NYC Still Waits for FiOS

After two years, an agreement that could let Verizon Communications Inc. (NYSE: VZ) bring FiOS TV to New York City is getting close -- but not that close.

A recent report in the New York Daily News citing unnamed sources said that a cable franchise agreement between the City of New York and Verizon was being hammered out and that a deal was "going down now." That might not be completely accurate, however.

"We've never expressed that a deal was about to be reached," says Vincent Grippo, chief of staff for the New York City Department of Information Technology and Telecommunications, which is the city agency negotiating the franchise.

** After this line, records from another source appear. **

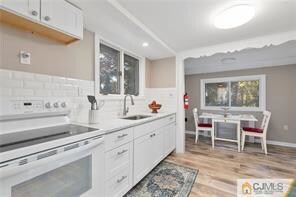 1562 Dumont Ave, South Plainfield, NJ 07080 - photo 7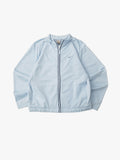 Nike chaqueta sport S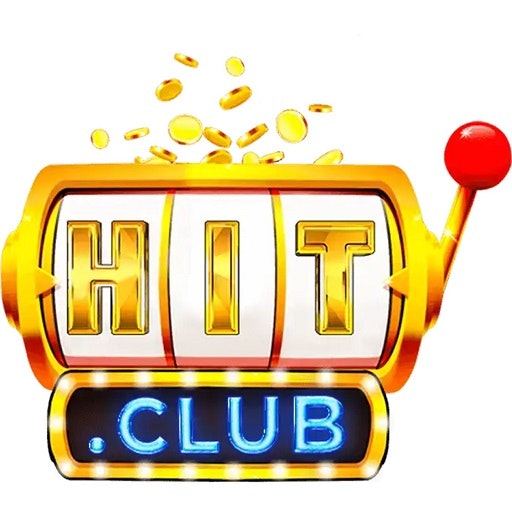 Thương Hiệu Nhà Cái Hitclub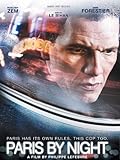 Paris By Night (English Subtitled)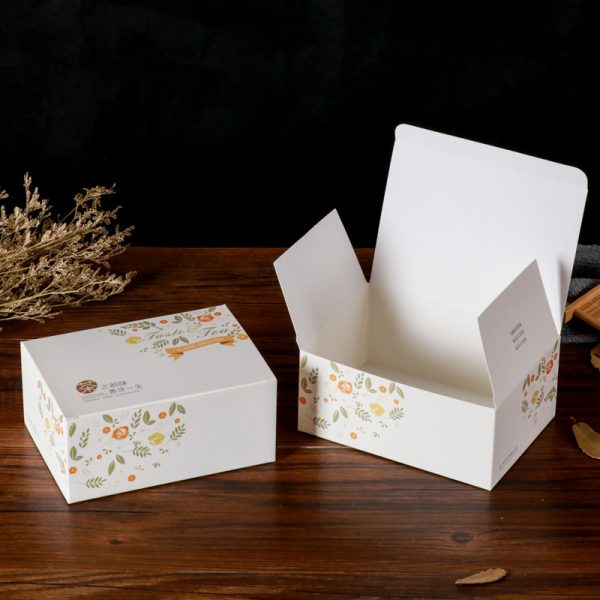 Spot scented tea food box (4)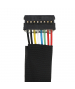 Batterie 15.52V 3.5Ah LiPo pour Lenovo ThinkBook 13s G4 ARB 21AS0005P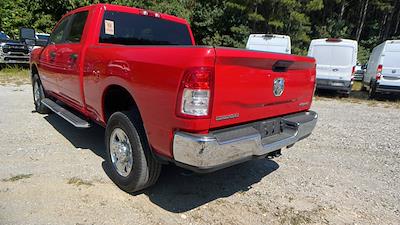 2024 Ram 2500 Crew Cab 4WD Pickup for sale #J15379 - photo 2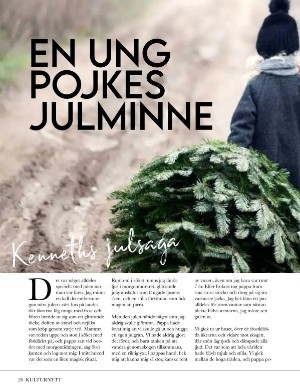 kulturnytt-20241206_049_00_00_026.pdf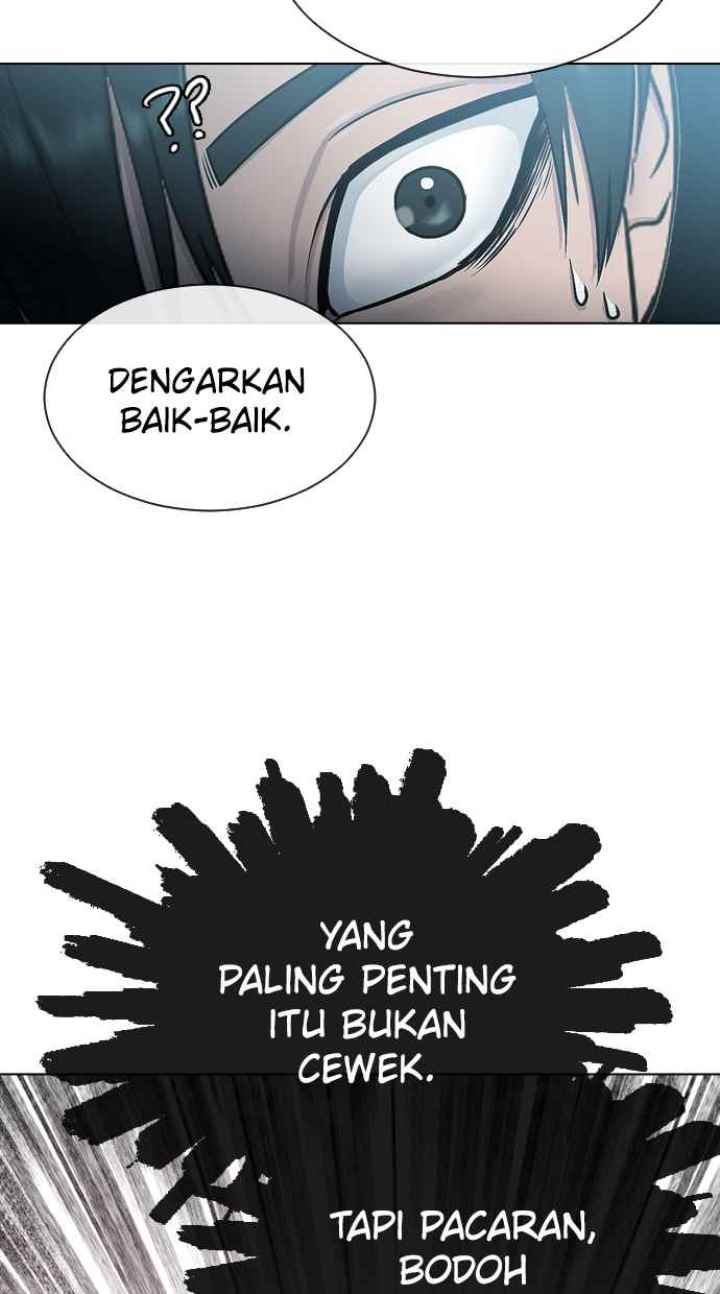 Hypnosis School Chapter 13 - halaman 22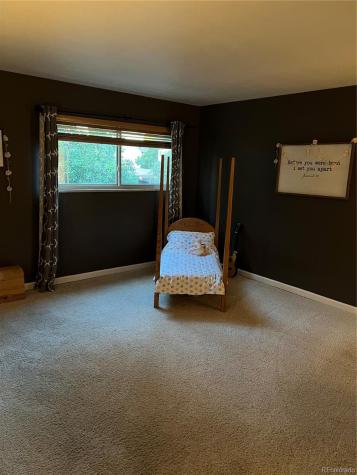 4349 W Ponds Circle Littleton CO 80123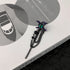 Accessories_Gothic_Green_Demon_Eye_Fringe_Ear_Clip_MISSTT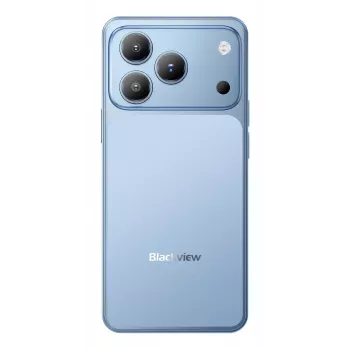 Mobile Phone Wave 7C/4/128GB Blue Blackview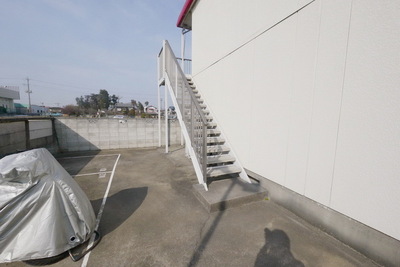 Other. 10m to Tobu Store Co., Ltd. (Other)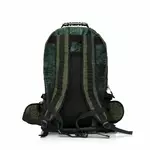 sac-de-sport-fairtex-bag4-vert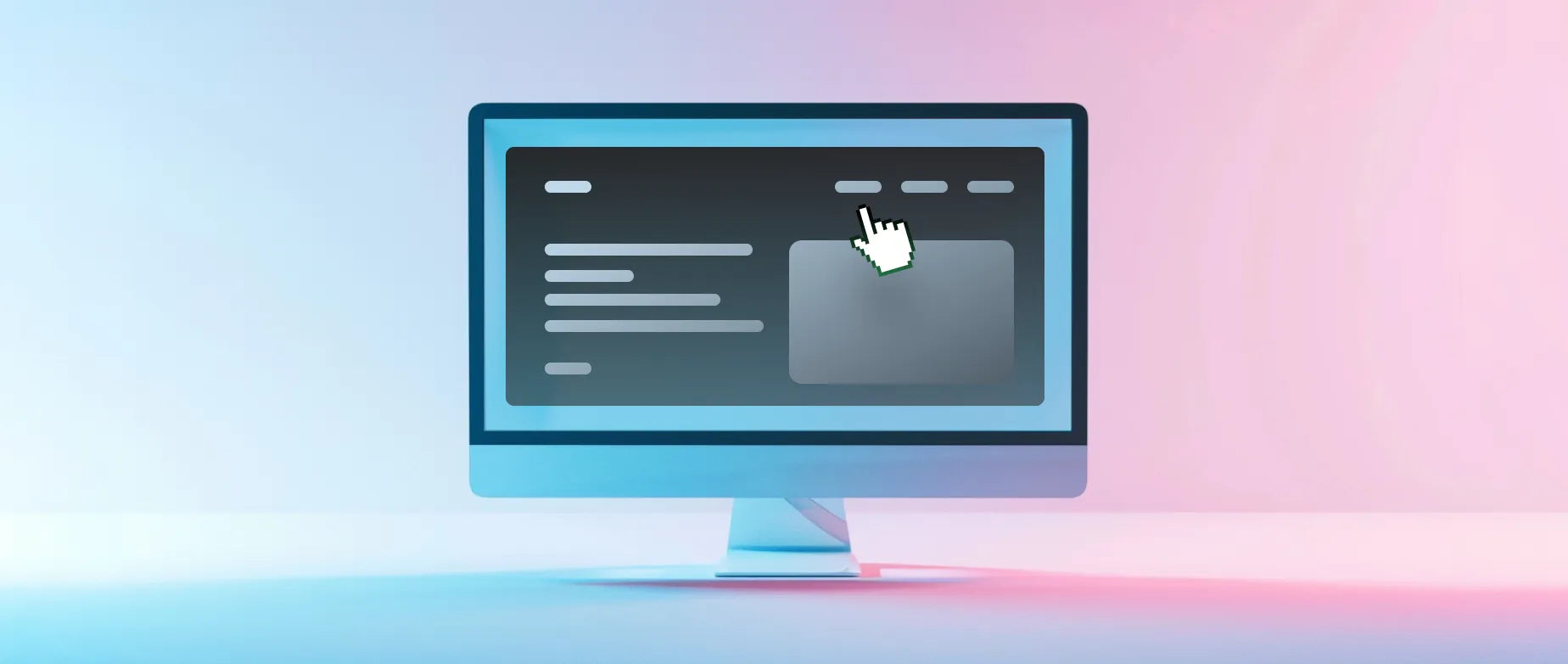 Exploring Superior Alternatives to GoDaddy for Domain Registration and Hosting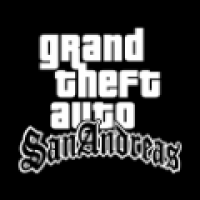 GTA：圣安地列斯最新版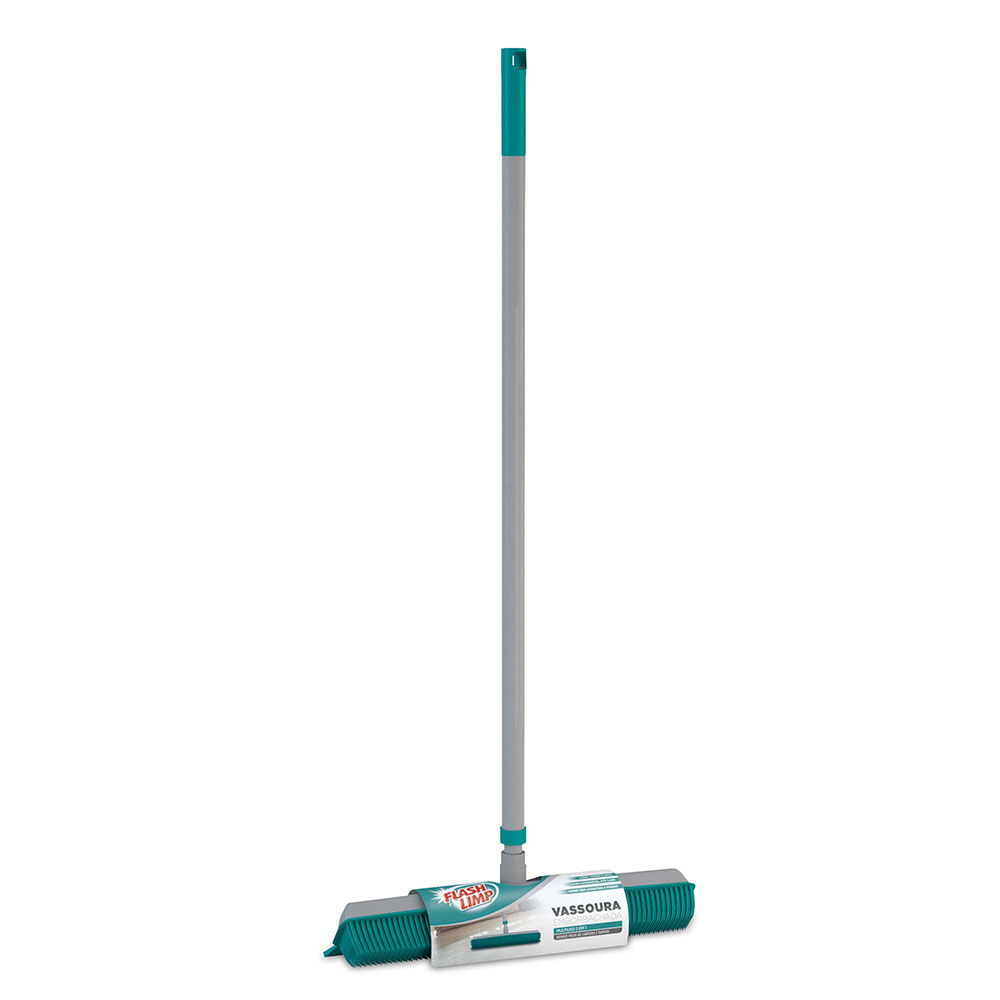 http://b2b.multicoisas.com.br/media/catalog/products/p/v/ image number 0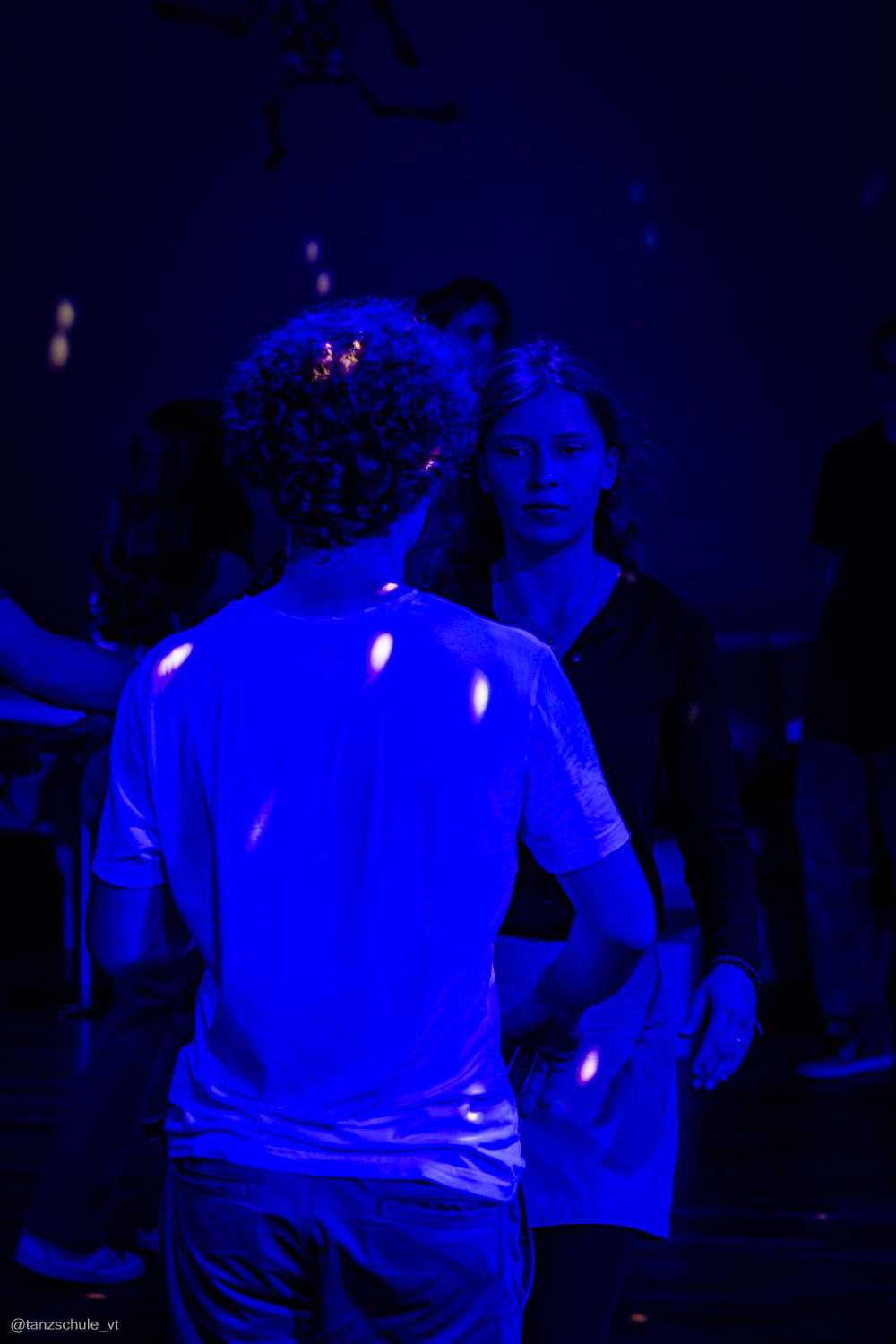 20231021 Vollrath Tanzparty 1256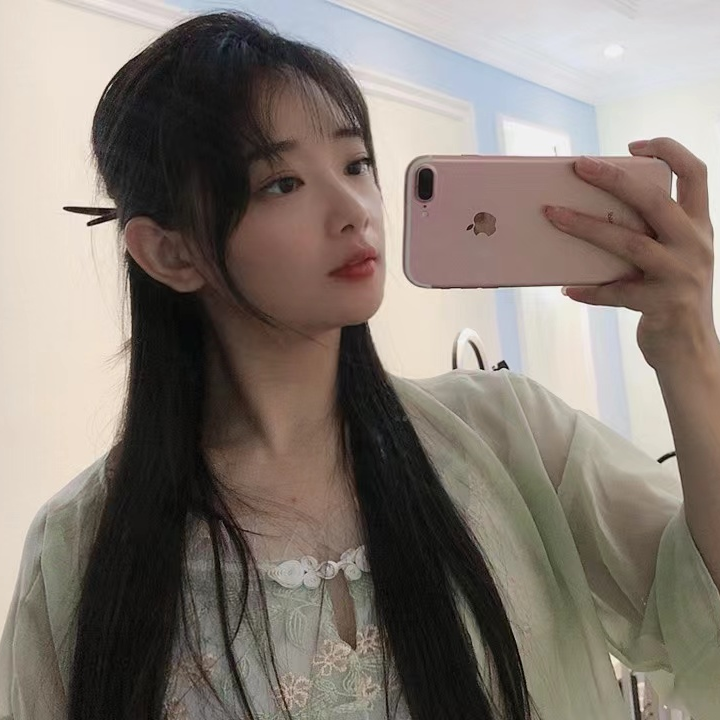 瓶瓶吖～海报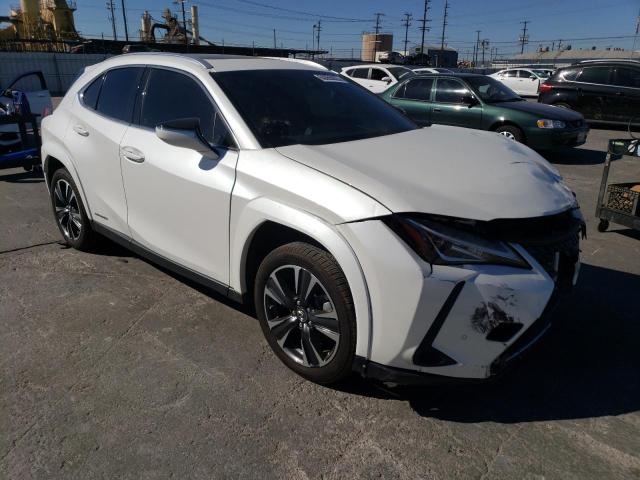 JTHP9JBH0N2055894  lexus ux 2021 IMG 3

According to the Daily News report, one of the sticking points of the negotiations was that the city was unhappy with Verizon's plans to cherry pick wealthier neighborhoods for its FiOS deployments with lower income areas being ignored.

"That's not necessarily one of the major issues," Grippo says. "It's one of many issues that are still on the table, but I think the cherry picking issue has been a little overstated."

Since negotiations between the DOITT and Verizon are still ongoing, Grippo says he isn't sure when an agreement might be announced. He wouldn't get into the details of what some of the issues holding up the agreement are, but he did say that both sides have the same interest in having a widespread deployment.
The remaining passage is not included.